Abstract
Purpose :
Stevens-Johnson syndrome (SJS) / toxic epidermal necrolysis (TEN) are acute inflammatory vesiculobullous reactions of the skin and mucosa, such as the ocular surface and oral cavity. In genome wide association study (GWAS), we found the association between IKAROS Family Zinc Finger 1 (IKZF1) and Cold medicine related SJS/TEN with severe ocular complication (CM-SJS/TEN with SOC). Ikaros is a transcription factor which regulates numerous biological events, but the function of it was reported only in the immune cells such as lymphocytes. On the other hands, we have suggested that epithelium might be contribute to the pathobiology of CM-SJS/TEN with SOC, because EP3, the protein of PTGER3, which SNPs significantly associated with CM-SJS/TEN with SOC, was dominantly expressed on the ocular surface epithelium and EP3 on the epithelium negative regulated ocular surface inflammation.

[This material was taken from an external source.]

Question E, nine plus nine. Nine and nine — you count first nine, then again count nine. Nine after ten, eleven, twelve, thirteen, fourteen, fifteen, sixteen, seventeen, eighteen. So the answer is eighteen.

Furthermore, we also reported that TLR3, which SNPs significantly associated with CM-SJS/TEN with SOC in Japanese, also strongly expressed on the ocular surface epithelium and TLR3 positively regulated ocular surface inflammation.

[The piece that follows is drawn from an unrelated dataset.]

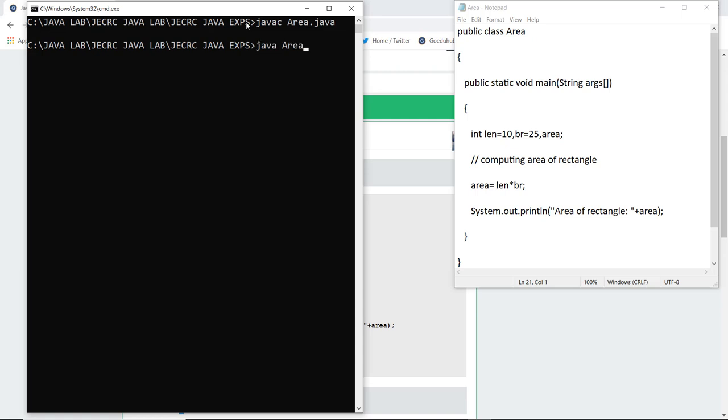Now we are going to run the class file generated, that is area, and for that the syntax is Java area. After doing that, you can see that the area of rectangle is 250 because 10 into 25 is 250.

In this study, we examined the expression of IKZF1 in the human ocular surface (conjunctival and corneal) epithelial cells, and investigated whether it could be upregulated by TLR3 ligand.
Methods :
For quantitative RT-PCR, primary human conjunctival epithelial cells were harvested from conjunctival tissue obtained at conjunctivochalasis surgery and cultured using the previously described method. Primary human corneal cells were harvested from the rest of the limbus of import donor cornea tissue after using for corneal transplantation. For RT-PCR and immunohistology, conjunctival tissue obtained at conjunctivochalasis surgery was used.
Results :
We found that human conjunctival epithelium expressed IKZF1 mRNA by RT-PCR and using quantitative RT-PCR, we found that it could be upregulated by TLR3 ligand, polyI:C. We also found that IKZF1 mRNA expression in corneal epithelial cells could be upregulated by polyI:C. Immunohistology showed that IKZF1 protein also expressed in conjunctival epithelium as same as CD3 positive T cells.
Conclusions :
Our results might suggest that IKZF1 in the ocular surface could contribute to the ocular surface inflammation in the SJS/TEN.
This is an abstract that was submitted for the 2016 ARVO Annual Meeting, held in Seattle, Wash., May 1-5, 2016.